En su discurso ante la academia francesa, el gran Jean-Jacques Rousseau, odiado por unos y venerado por otros, se expresaba sobre este tema así:
Considero en la especie humana dos clases de desigualdades: una, que llamo natural o física, porque ha sido instituida por la naturaleza, y que consiste en las diferencias de edad, de salud, de las fuerzas del cuerpo y de las cualidades del espíritu o del alma; otra, que puede llamarse desigualdad moral o política porque depende de una especie de convención […] y consiste en los diferentes privilegios de que algunos disfrutan en perjuicio de otros, como el ser más ricos, más respetados, más poderosos y hasta el hacerse obedecer.

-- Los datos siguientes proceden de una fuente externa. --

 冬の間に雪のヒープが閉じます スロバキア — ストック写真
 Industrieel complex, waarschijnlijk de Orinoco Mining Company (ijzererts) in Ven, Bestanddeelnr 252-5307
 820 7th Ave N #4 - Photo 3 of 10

Al leer el párrafo anterior algunos dirán: eso sucedía en 1754, pero una parte del análisis obliga a preguntarse ¿acaso no sigue existiendo lo mismo? Creo que en lo que sí se equivoca Rousseau es en que la mayoría de desigualdades en la salud son consecuencia de comportamientos sociales más que naturales. Por otro lado, considerar natural el que el hombre por su naturaleza sea desigual en cuanto a derechos es como decir que los que mandan son necesariamente mejores que los que obedecen. Esto es más social que cualquier cosa.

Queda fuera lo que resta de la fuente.